■ Exercise instructions
Could you copy exactly the lines below from the one with "RS 9-mod. 2x2P+Z, 3P+N+Z" to the one with "QQ频道靠长尾流量每日引流创", inclusive, leaving out any pictures?

■ Information supplied
◆ ◆ ◆ ◆ ◆ ◆ ◆

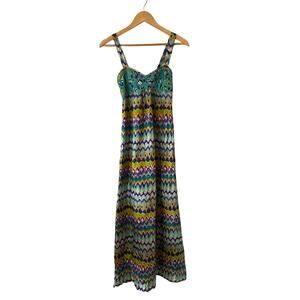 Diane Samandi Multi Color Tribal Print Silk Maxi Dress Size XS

◆ ◆ ◆ ◆ ◆ ◆ ◆

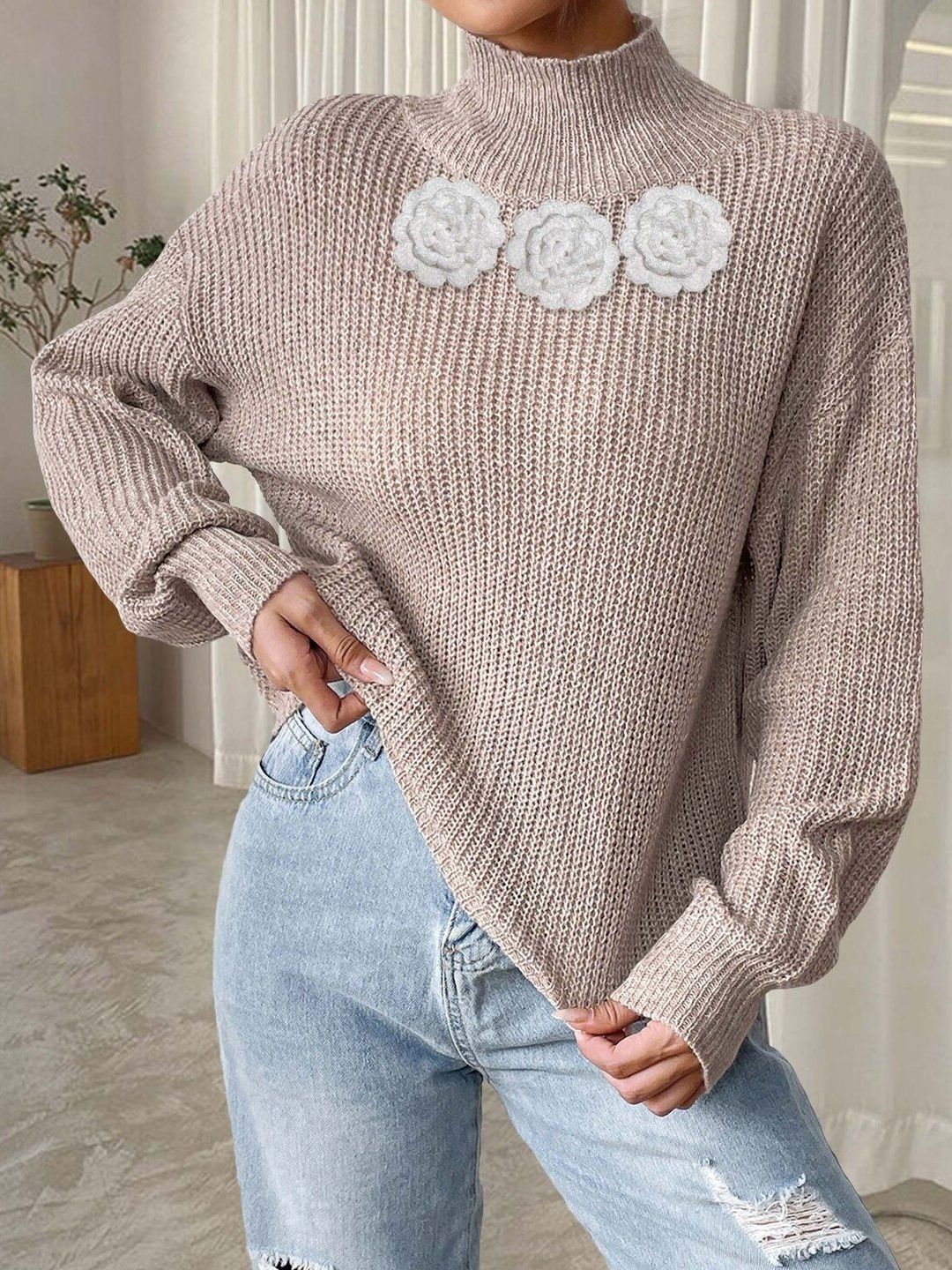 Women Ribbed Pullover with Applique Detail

◆ ◆ ◆ ◆ ◆ ◆ ◆

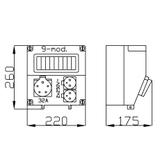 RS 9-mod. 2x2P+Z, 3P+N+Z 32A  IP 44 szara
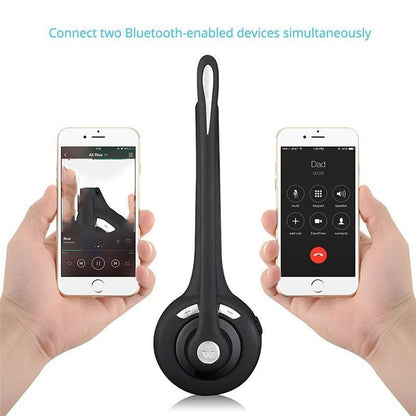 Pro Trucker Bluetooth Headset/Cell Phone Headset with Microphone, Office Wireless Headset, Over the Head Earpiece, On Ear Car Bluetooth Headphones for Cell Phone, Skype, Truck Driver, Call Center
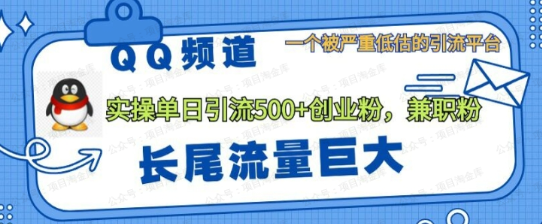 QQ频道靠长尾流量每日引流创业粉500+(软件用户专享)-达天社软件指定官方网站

◆ ◆ ◆ ◆ ◆ ◆ ◆

■ Solution to this task
 RS 9-mod. 2x2P+Z, 3P+N+Z 32A  IP 44 szara
 Pro Trucker Bluetooth Headset/Cell Phone Headset with Microphone, Office Wireless Headset, Over the Head Earpiece, On Ear Car Bluetooth Headphones for Cell Phone, Skype, Truck Driver, Call Center
 QQ频道靠长尾流量每日引流创业粉500+(软件用户专享)-达天社软件指定官方网站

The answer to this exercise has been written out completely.